TASK ITEM:
Extract verbatim every line from the one containing "9700 Mesa Oak Drive, Bakersfield, CA 93311" to the final line of the records below, inclusive, and exclude all pictures.
[EXERCISE MATERIALS Boundary: Start]
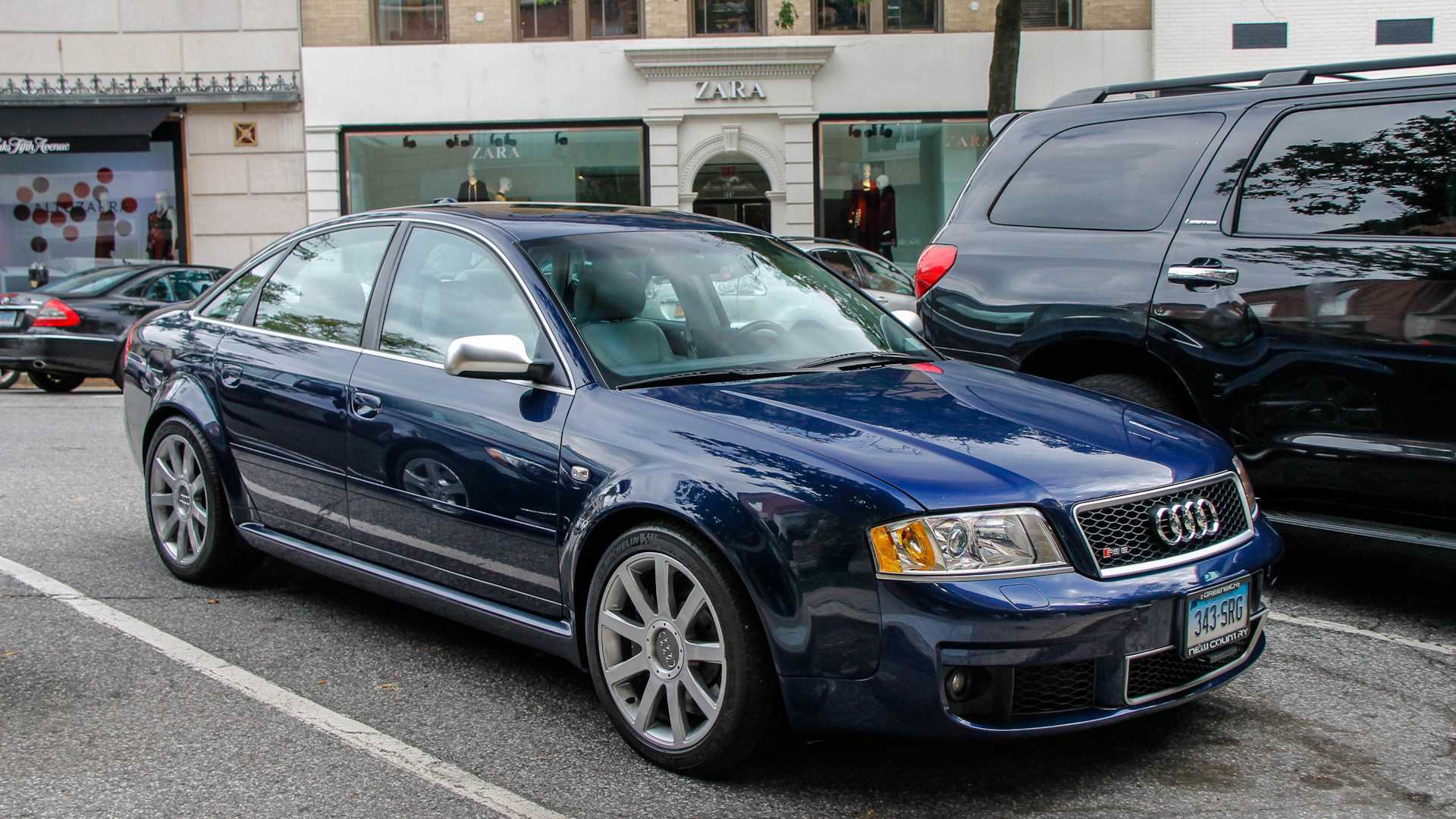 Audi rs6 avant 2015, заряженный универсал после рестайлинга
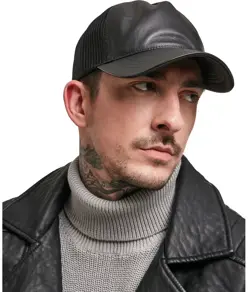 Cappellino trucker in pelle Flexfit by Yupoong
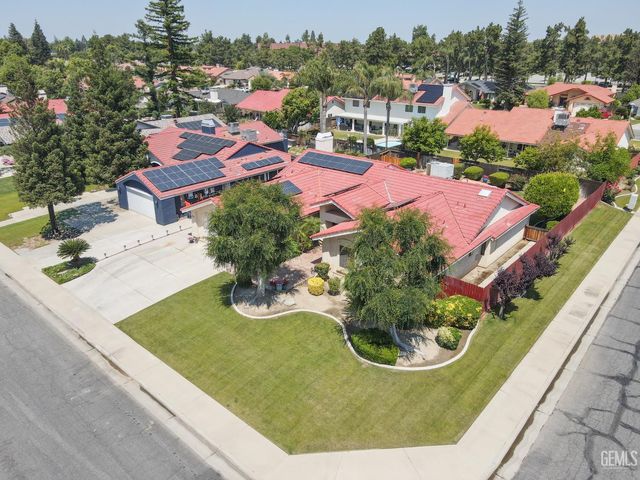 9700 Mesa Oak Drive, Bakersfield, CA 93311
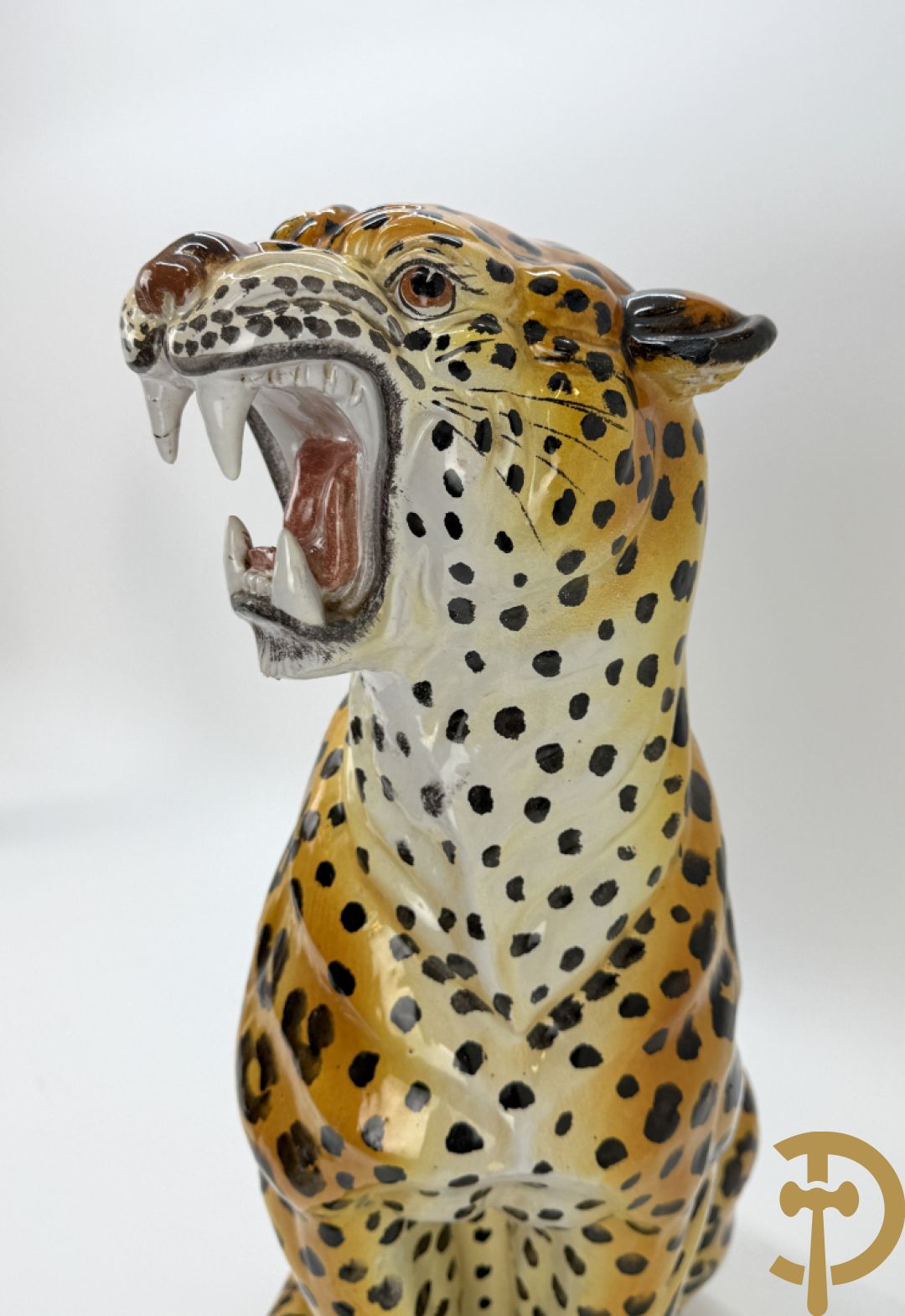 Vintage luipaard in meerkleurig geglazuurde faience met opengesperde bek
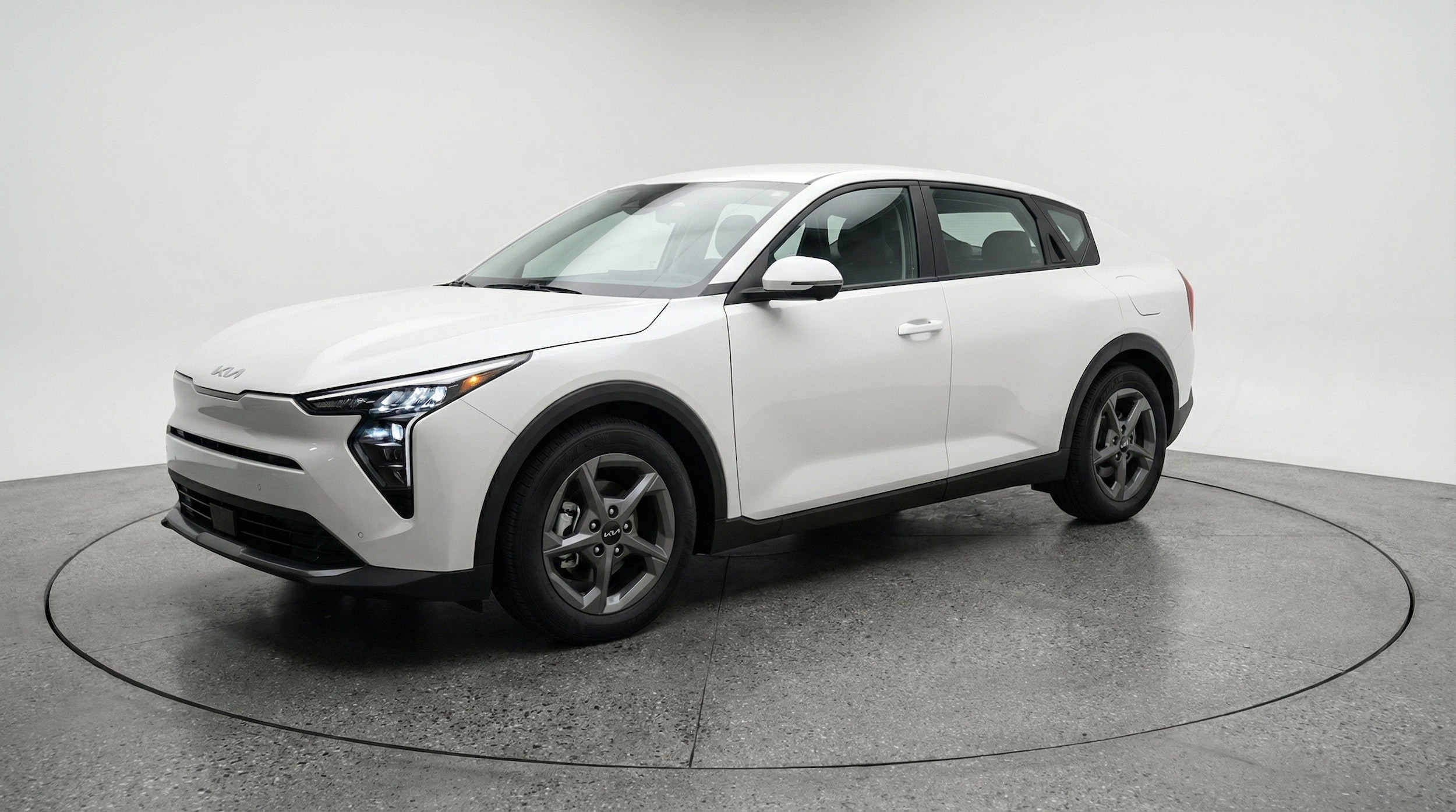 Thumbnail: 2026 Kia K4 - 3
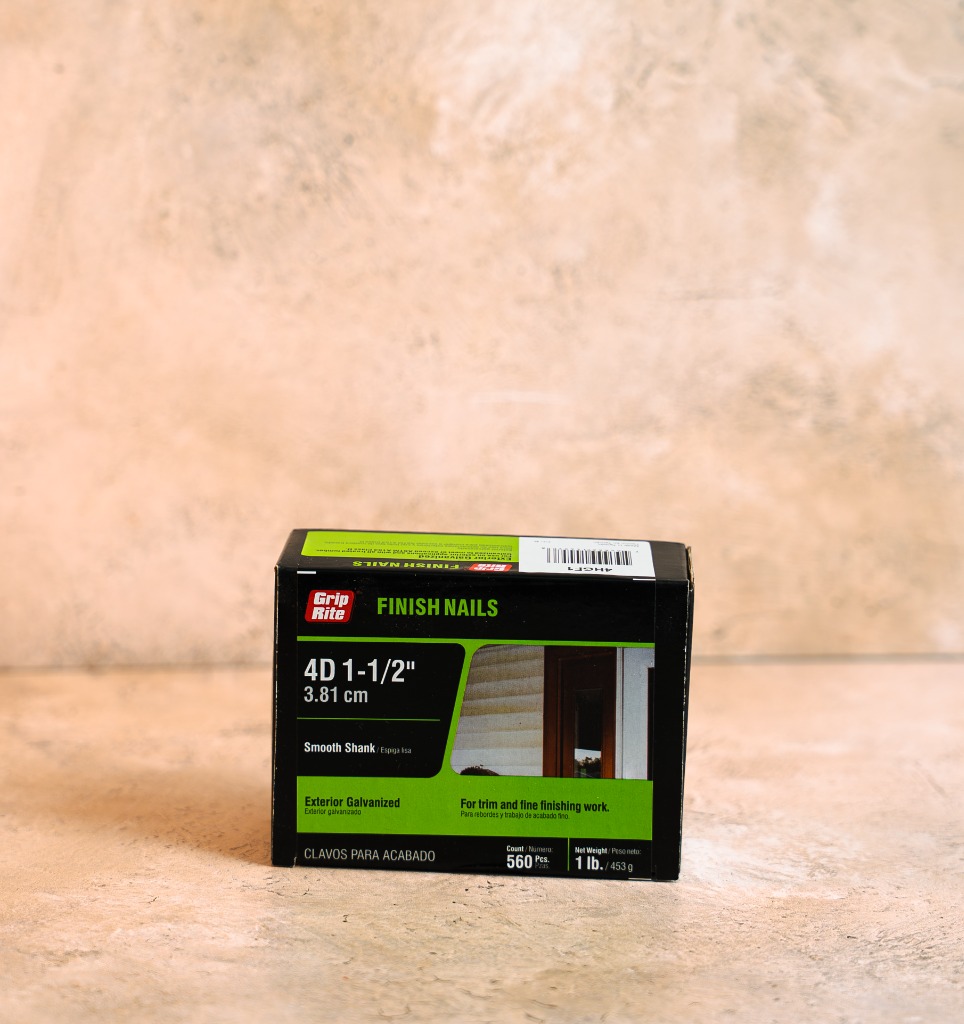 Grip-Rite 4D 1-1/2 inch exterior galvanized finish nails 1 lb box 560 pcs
[EXERCISE MATERIALS Boundary: End]
COMPLETED TASK:
 9700 Mesa Oak Drive, Bakersfield, CA 93311
 Vintage luipaard in meerkleurig geglazuurde faience met opengesperde bek
 Thumbnail: 2026 Kia K4 - 3
 Grip-Rite 4D 1-1/2 inch exterior galvanized finish nails 1 lb box 560 pcs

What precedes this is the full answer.